The fact that she married Neil actually elevated her in her parents' esteem. He was a doctor, never mind that she was a doctor, too. She'd married well, and that helped to erase some of her stigma. Some, but never all.

They were married in her small church in the Central Valley on a Saturday afternoon with a few close friends and members of church who had watched her grow up since she'd been a baby in the nursery. The only thing she truly hated about the wedding was that the pastor refused to call her “Bebe,” but insisted on addressing her as Roberta. She had specifically asked him before the ceremony not to use her given name, and when he said, “Do you, Roberta, take this man,” she almost stopped and corrected him. But she knew that she was treading on thinly veiled ice with her parents, and for her mom's sake, she swallowed her pride.

Her name wouldn't have been so bad, except that she was named after her father, as was Bobby. She had secretly railed against it growing up. How self-absorbed could a man be to name two children after himself? She felt thankful to Bobby for her nickname. It was his childish attempts at saying her name that produced “Bebe.” And much to her father's dismay, it had stuck.

B
ebe chuckled when she saw the chart in the door pocket of room six.
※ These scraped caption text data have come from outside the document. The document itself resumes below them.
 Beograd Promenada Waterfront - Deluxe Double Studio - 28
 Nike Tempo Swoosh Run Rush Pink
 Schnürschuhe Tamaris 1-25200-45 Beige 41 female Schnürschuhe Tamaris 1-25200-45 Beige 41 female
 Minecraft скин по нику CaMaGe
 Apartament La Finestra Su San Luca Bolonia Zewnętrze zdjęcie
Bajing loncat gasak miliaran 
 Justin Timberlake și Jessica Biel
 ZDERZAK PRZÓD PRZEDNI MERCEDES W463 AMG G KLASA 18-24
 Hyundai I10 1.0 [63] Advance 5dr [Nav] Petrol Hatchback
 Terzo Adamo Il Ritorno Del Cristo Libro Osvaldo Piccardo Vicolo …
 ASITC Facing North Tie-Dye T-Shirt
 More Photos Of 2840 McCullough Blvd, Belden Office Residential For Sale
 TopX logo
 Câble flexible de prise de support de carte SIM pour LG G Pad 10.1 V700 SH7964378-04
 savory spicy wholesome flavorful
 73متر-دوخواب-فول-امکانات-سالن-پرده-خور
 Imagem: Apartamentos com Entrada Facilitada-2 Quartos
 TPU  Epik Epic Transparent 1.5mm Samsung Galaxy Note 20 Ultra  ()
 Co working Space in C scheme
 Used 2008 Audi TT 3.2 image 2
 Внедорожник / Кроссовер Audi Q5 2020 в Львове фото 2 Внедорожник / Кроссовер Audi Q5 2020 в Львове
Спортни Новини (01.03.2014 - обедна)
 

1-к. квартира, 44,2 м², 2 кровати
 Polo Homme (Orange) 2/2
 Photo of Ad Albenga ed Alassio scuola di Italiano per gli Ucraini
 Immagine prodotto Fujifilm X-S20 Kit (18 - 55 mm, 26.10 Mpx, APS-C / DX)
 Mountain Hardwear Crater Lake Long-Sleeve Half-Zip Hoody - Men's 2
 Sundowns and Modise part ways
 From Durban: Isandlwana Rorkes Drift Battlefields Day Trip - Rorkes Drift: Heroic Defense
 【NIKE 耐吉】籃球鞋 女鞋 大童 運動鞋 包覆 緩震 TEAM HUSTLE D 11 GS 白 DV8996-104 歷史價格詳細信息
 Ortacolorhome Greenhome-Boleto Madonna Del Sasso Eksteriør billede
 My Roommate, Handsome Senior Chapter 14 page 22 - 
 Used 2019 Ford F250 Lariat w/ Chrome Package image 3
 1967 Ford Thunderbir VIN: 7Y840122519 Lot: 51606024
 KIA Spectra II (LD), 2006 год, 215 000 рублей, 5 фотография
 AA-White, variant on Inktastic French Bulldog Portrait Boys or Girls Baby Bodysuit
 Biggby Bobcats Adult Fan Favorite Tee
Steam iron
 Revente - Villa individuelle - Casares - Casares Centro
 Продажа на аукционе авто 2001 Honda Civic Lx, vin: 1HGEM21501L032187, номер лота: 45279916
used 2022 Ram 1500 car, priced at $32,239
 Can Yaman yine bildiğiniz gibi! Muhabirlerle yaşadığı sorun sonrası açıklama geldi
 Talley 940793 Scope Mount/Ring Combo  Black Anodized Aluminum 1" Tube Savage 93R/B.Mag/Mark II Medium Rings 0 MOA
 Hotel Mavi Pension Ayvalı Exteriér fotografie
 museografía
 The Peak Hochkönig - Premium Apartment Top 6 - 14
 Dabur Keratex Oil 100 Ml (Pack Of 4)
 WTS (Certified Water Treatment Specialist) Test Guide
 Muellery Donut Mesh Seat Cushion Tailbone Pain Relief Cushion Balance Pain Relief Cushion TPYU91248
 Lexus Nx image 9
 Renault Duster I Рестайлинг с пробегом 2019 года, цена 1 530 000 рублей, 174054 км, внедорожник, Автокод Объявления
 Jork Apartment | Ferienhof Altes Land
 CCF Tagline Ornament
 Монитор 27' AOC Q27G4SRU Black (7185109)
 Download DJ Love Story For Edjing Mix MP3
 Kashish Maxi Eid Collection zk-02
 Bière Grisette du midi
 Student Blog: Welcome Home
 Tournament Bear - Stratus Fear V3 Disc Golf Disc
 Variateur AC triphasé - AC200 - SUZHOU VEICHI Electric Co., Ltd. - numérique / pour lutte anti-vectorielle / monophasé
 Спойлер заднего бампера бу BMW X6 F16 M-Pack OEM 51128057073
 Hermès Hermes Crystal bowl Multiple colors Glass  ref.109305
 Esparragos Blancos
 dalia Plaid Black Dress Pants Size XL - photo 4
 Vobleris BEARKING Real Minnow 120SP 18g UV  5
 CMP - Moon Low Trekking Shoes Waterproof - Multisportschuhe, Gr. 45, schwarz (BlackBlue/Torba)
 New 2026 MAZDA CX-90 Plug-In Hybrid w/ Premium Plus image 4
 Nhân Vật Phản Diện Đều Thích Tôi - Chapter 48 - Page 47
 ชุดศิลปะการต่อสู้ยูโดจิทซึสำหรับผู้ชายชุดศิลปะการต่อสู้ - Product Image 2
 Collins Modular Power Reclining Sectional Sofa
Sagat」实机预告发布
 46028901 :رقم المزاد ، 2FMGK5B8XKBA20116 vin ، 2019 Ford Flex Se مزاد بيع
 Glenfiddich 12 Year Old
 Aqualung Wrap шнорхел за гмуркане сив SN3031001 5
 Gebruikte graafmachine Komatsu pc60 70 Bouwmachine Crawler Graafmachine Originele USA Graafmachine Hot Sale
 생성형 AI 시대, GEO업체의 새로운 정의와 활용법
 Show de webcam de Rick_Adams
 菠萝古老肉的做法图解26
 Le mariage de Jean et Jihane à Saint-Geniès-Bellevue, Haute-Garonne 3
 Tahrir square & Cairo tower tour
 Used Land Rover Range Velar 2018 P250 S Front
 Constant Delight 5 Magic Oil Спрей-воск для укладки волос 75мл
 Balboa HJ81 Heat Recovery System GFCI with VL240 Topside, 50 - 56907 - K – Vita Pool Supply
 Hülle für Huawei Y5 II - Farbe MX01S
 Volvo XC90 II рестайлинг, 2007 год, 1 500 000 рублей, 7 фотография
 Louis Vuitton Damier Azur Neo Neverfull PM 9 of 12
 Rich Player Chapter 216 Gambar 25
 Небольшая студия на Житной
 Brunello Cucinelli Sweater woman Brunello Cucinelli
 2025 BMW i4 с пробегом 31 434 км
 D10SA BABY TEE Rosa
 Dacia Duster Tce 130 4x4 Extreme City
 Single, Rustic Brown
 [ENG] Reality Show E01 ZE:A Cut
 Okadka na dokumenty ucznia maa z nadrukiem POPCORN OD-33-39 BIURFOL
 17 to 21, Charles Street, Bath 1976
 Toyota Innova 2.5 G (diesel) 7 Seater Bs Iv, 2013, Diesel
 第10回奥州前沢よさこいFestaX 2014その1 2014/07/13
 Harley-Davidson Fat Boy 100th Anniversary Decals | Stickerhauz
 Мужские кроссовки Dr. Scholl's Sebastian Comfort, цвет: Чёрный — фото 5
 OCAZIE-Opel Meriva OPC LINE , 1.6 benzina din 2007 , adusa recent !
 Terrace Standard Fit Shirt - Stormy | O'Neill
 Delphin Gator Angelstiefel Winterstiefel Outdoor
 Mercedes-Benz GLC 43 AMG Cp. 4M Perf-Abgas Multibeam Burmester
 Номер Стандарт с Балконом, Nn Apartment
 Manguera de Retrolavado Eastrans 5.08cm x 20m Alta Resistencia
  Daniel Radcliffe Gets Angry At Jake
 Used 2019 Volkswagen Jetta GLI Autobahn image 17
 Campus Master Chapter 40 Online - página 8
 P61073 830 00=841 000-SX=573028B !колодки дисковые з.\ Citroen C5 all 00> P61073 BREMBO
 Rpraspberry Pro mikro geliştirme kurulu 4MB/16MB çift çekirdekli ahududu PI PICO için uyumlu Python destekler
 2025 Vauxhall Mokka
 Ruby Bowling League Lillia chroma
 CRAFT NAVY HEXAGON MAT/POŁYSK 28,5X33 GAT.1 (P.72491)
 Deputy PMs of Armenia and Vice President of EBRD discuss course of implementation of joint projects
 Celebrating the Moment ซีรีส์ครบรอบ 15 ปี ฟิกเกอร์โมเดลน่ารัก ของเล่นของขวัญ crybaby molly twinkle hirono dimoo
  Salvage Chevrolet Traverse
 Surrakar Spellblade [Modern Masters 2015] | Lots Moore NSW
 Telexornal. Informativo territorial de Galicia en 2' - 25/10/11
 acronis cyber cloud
Margo and Gigi Weinbrenner. Margo was an overweight silver tabby that reminded her of an aging bon-bon eating secretary of the forties with markings like rhinestone glasses and nails like stilettos. Gigi was a Siamese mix with the sleek furtiveness of a French resistance fighter, who only preened when she had an agenda, like food or freedom. They were here for boosters and to have Margo's nails clipped. Bebe knocked on the door briefly and entered the examining room, greeting their “mommy” over the howls emanating from the cat carriers. She noted that Mrs. Weinbrenner had deep scratches on both arms.

“Did you get those from Gigi?”

“Yes. She didn't mean it, did you, sweetie?” the woman said, reaching a finger through the metal door to rub beneath Gigi's neck. Gigi hissed and moved to the back of the carrier. “You didn't want to go into your nasty cat carrier, did you,” Gigi's mommy baby-talked.

Bebe briefly examined the red welting scratches. Faint white scars
crisscrossed beneath the fresh ones. “I hope you treated those.”

“I always do,” she said, smiling.

“Okay, let's start with Gigi,” Bebe said.

Mrs. Weinbrenner looked at her, expectant. Then she said, “Oh, should
I
get her out?”

Bebe nodded and the woman hesitantly reached for the door latch. “Nice Gigi,” she crooned, “Mommy's going to let you out now.”

When she opened the carrier door Gigi darted, but Bebe grabbed the cat by the scruff of the neck and she went limp.

“I don't know how you manage to do that,” Mrs. Weinbrenner said. “All I get are bites and scratches for my trouble.”